In this interview, Nigel Hughes, head of R&D and Innovation at Kellogg’s describes their approach in both areas. His main assertion and insight is that the best opportunities, at least in the food space, are now coming from the startup ecosystem and that a large company like Kellogg’s needs adapt to this reality, not just in their processes and methods, but in their attitudes and culture. As he states:
A start-up is driven by a passionate idea or hunch. What we see in the market is that it’s the start-ups pushing the ball forward. Now you have to build a culture where people understand the real value those partners bring—value we could never get as quickly and effectively on our own. We should be leveraging external ecosystems more.
The implication of this is that the roles of R&D and innovation within a larger company like Kellogg’s are changing to becoming ‘design aggregators’ rather than the originators of new technology.
Although their models are constantly evolving, fundamentally big tech are design aggregators, with technological components that come from other places. I see that as the best way to handle the uncertainty and opportunity of the future.

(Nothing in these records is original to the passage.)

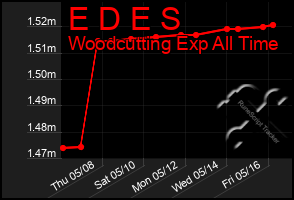 Total Graph of E D E S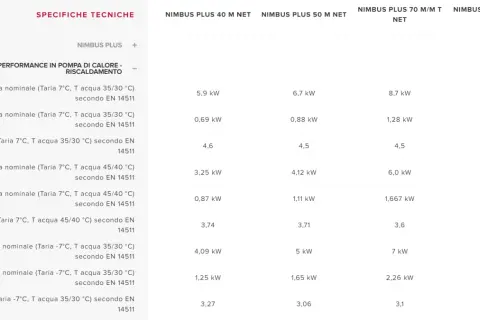 Tabella con specifiche tecniche pompe di calore Nimbus Plus. Dati per calcolare kw di potenza termica e assorbita, COP nominale a diverse temperature.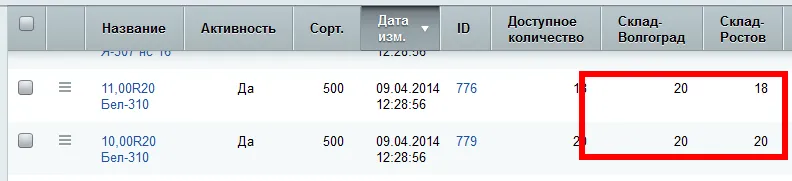 характеристики товара в интернет-магазине на битриксе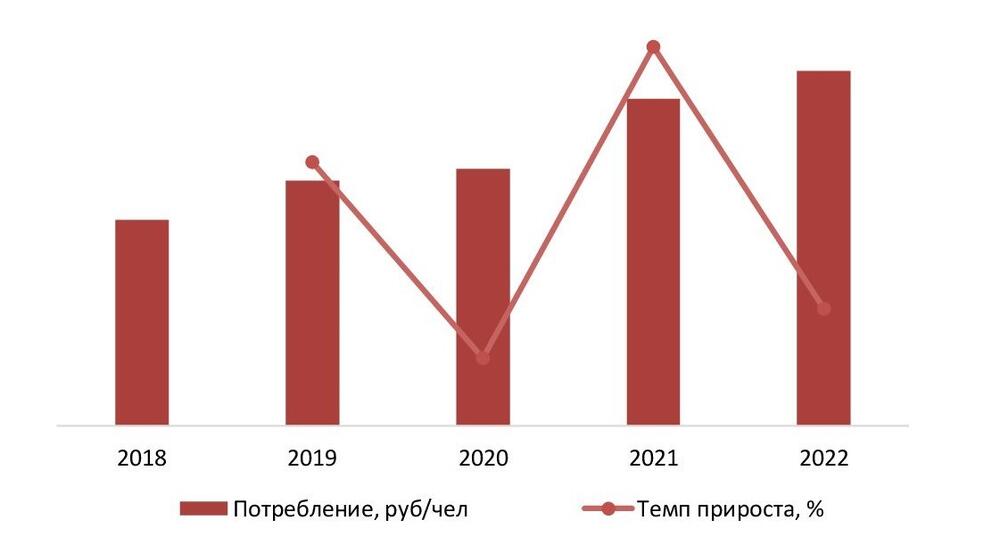 Динамика потребления перевязочных материалов в денежном выражении, 2018–2022 гг.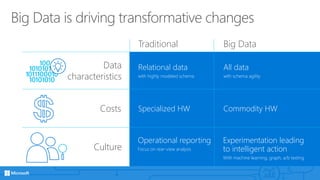 Big Data is driving transformative changes
Traditional Big Data
Relational data
with highly modeled schema
All data
with schema agility
Specialized HW Commodity HW
Data
characteristics
Costs
Culture
Operational reporting
Focus on rear-view analysis
Experimentation leading
to intelligent action
With machine learning, graph, a/b testing
 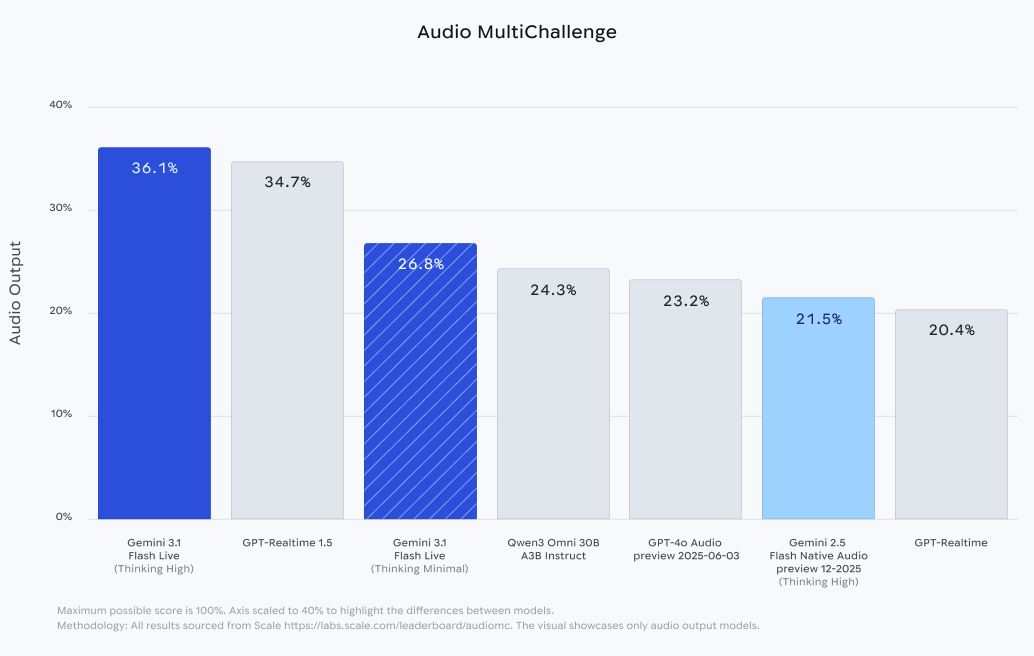 AudioMultiChallenge bar graph AudioMultiChallenge bar graph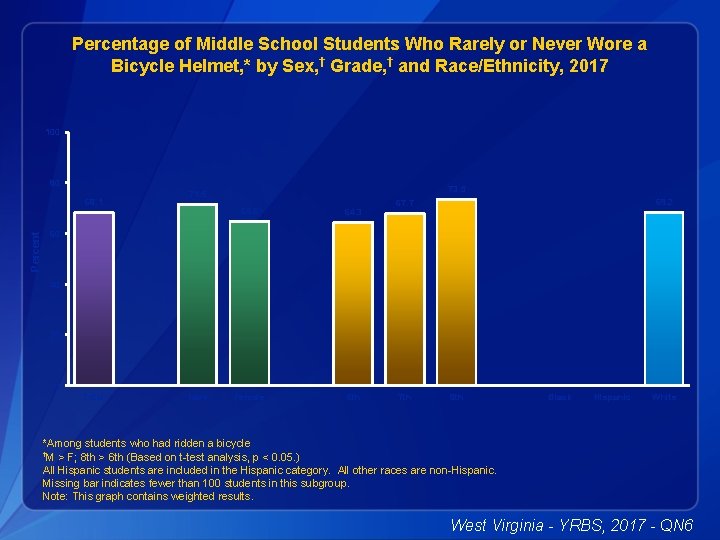 Percentage of Middle School Students Who Rarely or Never Wore a Bicycle Helmet, *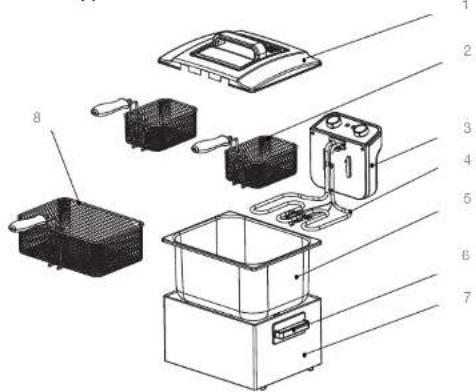 Essentiel B EFSP2146i - Box contents - 1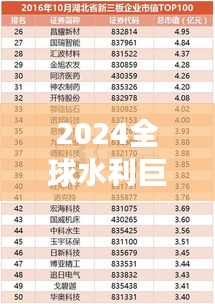 2024全球水利巨头排名TOP10，引领行业发展的领军企业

Hughes comes back to the theme of understanding the future several times in this interview and the challenge this poses to a company like Kellogg’s and senior leadership that is steeped in the tradition of ‘facts’ and data.

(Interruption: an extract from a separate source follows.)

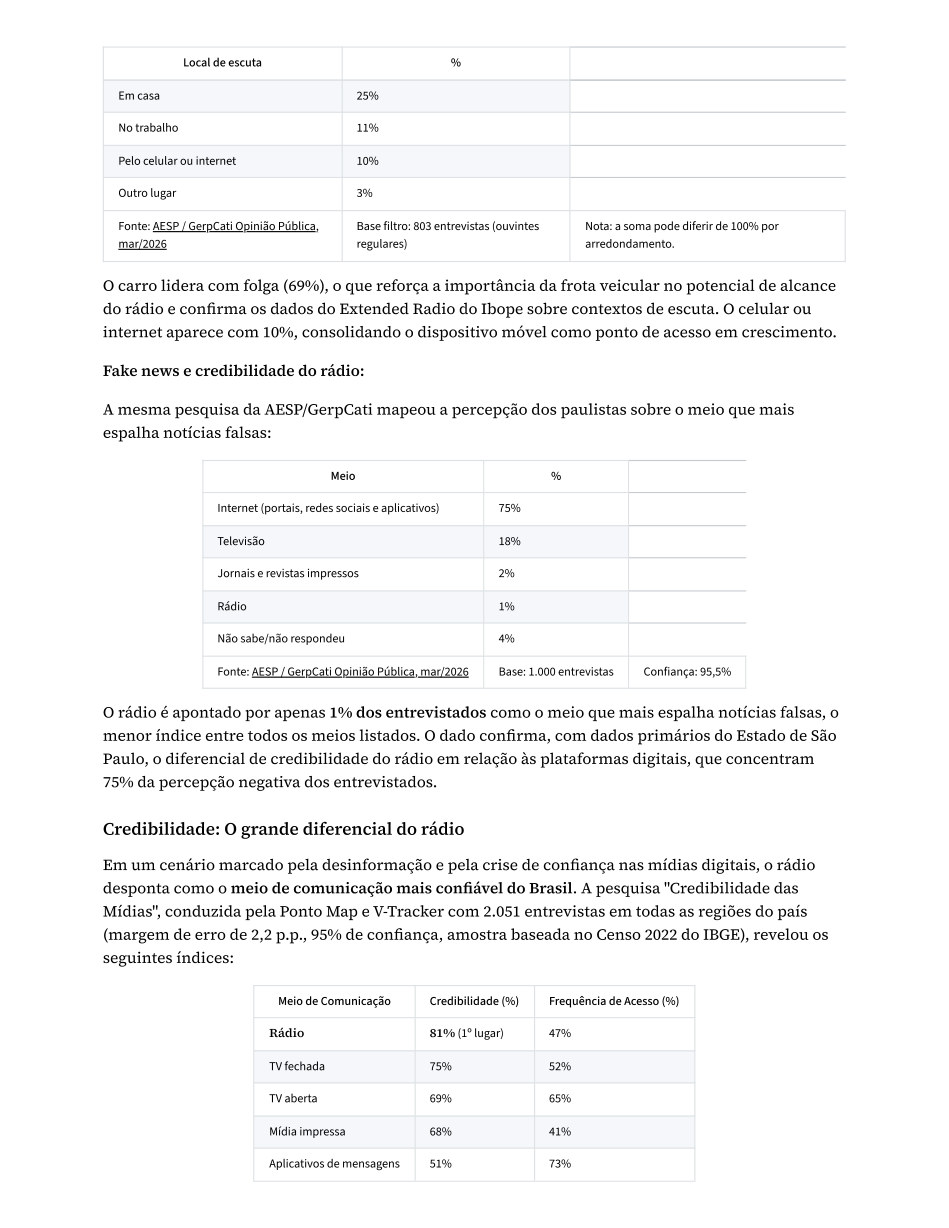 Página 14 do estudo: Credibilidade: O grande diferencial do rádio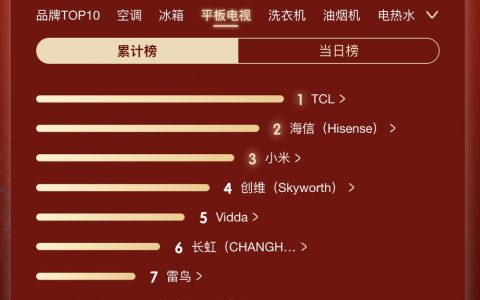 京东电视榜登顶！TCL 这台护眼画质旗舰，618 卖爆了！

We do not live in a world of ideas; we try to live in a world of clear opportunities. While we can be confident about a big space and a big opportunity, we will probably be precisely wrong in the initial execution, so iteration is everything.
Senior leadership is often the biggest challenge within a company because as leaders we get conditioned to only look at the hard data. The fact is, the data often is not very hard because we are talking about the future.
The large company R&D and innovation landscape is definitely changing, especially with respect to its relationship with the startup ecosystem. Whether this is a harbinger of the demise of science and invention within large companies remains to be seen.